CIA+EFT Framework

Term: CIA+EFT Framework

The CIA+EFT framework is an integrated AI Security model that extends the traditional CIA triad (Confidentiality, Integrity, Availability) with three AI-specific dimensions, Explainability, Fairness and Traceability, giving organisations one coherent vocabulary for assessing risk across both classical security and AI-specific failure modes.

Why it matters

UK boards are being asked to sign off AI deployments without a shared language for the risks involved. Technical teams report on classical security controls; governance teams write AI policy against ISO 42001 or the EU AI Act; and the seam between them rarely has a named owner. CIA+EFT closes that seam by treating model behaviour as a security concern alongside data and infrastructure.

It matters because AI systems fail in ways traditional security cannot detect. A model can be perfectly confidential, have intact training data and 99.9% availability, yet still produce biased outputs, unexplained decisions or silent drift that breaches regulatory obligations. Without an integrated framework, those failures sit outside the CISO’s remit and outside the DPO’s remit, so no one owns them until a regulator or customer asks.

For regulated UK sectors, NHS trusts, local authorities, professional services firms, the framework also gives boards a defensible position. Each CIA+EFT dimension maps onto specific ISO 42001 controls and EU AI Act obligations, so assurance work done against the framework produces evidence usable in audit, procurement and regulatory response.

How it works in practice

The six dimensions are assessed together against each AI system in scope. Confidentiality, Integrity and Availability address data and infrastructure: who can access the model and its training data, whether inputs and weights have been tampered with and whether the service stays up. Explainability asks whether the organisation can justify a given output to a customer, regulator or affected individual.
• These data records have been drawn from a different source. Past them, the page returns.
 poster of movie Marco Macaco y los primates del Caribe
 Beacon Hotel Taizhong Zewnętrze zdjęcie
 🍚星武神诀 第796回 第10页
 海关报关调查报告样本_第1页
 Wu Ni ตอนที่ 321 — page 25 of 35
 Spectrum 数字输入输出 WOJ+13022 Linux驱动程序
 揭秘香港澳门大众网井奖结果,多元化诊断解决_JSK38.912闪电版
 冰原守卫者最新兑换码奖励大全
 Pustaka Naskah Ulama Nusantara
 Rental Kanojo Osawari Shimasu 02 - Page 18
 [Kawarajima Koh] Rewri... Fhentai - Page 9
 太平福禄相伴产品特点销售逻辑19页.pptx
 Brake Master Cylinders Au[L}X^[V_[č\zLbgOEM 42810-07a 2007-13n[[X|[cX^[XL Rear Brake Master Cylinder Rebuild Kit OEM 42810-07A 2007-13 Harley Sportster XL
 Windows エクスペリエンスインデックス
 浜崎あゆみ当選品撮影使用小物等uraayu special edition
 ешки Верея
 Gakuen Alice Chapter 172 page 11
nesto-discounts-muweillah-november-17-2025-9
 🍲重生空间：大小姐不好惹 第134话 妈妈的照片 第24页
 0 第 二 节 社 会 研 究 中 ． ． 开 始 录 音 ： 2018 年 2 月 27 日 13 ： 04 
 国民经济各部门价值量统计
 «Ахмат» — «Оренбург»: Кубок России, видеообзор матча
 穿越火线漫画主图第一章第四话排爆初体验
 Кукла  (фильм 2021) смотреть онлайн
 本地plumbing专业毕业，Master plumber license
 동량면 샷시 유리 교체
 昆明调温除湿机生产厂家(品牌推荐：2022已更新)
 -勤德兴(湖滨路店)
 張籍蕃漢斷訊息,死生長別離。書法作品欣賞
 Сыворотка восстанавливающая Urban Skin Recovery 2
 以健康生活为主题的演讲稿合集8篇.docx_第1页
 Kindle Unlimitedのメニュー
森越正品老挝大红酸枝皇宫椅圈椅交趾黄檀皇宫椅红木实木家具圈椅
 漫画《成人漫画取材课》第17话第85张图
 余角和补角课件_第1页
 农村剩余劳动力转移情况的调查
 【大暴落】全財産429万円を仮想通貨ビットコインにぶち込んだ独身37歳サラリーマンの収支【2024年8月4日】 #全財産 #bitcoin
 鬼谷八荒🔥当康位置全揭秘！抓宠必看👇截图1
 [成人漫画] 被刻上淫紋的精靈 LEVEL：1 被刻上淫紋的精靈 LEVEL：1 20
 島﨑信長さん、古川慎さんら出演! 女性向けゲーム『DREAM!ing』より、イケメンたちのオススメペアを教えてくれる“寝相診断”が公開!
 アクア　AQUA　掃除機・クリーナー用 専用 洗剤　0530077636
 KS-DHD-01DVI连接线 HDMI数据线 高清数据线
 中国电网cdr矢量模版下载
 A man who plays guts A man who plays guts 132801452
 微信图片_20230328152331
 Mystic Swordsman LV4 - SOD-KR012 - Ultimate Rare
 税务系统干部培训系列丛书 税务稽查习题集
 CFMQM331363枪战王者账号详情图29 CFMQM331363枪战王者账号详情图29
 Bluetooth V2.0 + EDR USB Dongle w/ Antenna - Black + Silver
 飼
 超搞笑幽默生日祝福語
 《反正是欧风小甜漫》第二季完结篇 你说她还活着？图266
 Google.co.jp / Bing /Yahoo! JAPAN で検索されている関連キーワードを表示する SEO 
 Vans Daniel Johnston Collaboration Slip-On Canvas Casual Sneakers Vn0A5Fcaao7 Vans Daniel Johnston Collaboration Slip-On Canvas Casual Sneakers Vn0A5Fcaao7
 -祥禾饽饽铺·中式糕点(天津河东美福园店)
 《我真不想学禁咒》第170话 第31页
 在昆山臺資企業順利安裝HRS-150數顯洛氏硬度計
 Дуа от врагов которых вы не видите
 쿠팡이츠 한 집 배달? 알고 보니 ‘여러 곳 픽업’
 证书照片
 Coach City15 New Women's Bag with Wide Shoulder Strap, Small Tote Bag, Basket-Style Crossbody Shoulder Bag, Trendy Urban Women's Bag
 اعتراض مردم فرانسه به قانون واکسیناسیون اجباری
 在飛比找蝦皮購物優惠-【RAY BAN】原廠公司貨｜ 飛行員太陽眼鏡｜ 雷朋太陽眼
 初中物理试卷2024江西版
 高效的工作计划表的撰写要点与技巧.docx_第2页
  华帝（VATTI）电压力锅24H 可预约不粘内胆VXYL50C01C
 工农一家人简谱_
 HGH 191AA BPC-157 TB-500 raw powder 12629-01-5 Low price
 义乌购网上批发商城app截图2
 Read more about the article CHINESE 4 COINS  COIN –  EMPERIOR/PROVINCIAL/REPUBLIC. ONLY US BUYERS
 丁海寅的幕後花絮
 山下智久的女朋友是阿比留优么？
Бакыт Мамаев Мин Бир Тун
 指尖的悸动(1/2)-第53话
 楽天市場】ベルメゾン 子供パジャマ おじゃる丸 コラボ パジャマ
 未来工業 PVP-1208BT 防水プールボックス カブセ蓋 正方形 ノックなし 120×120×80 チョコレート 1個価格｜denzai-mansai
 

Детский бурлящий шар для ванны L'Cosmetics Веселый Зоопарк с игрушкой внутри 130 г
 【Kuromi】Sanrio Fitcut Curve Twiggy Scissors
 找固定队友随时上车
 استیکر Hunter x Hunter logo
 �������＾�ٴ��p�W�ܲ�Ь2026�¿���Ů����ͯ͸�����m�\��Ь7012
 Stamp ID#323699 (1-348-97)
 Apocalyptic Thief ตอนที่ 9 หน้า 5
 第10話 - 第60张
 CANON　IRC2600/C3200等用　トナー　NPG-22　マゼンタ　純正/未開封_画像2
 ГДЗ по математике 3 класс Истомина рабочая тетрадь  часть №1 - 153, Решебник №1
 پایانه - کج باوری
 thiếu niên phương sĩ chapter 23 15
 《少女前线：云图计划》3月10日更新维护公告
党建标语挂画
Fairness asks whether outcomes are equitable across protected groups and use cases. Traceability asks whether the organisation can reconstruct what the model did, with what inputs, under which version, at a specific point in time.

In a typical assessment we work through each production or near-production AI system and score the six dimensions against named controls. A procurement chatbot might score well on Confidentiality and Availability but fail Explainability because no one can articulate why it declined a supplier. A clinical triage tool might pass Integrity checks but fail Fairness because outcome rates differ by demographic. A Copilot deployment might pass five dimensions but fail Traceability because prompt and response logs are not retained.

The output is a gap register tied to owners, controls and evidence. That register is what boards use to prioritise remediation and what auditors use to verify AI governance maturity.

Related terms: CIA Triad, AI Explainability, AI Fairness, AI Traceability, AI Governance.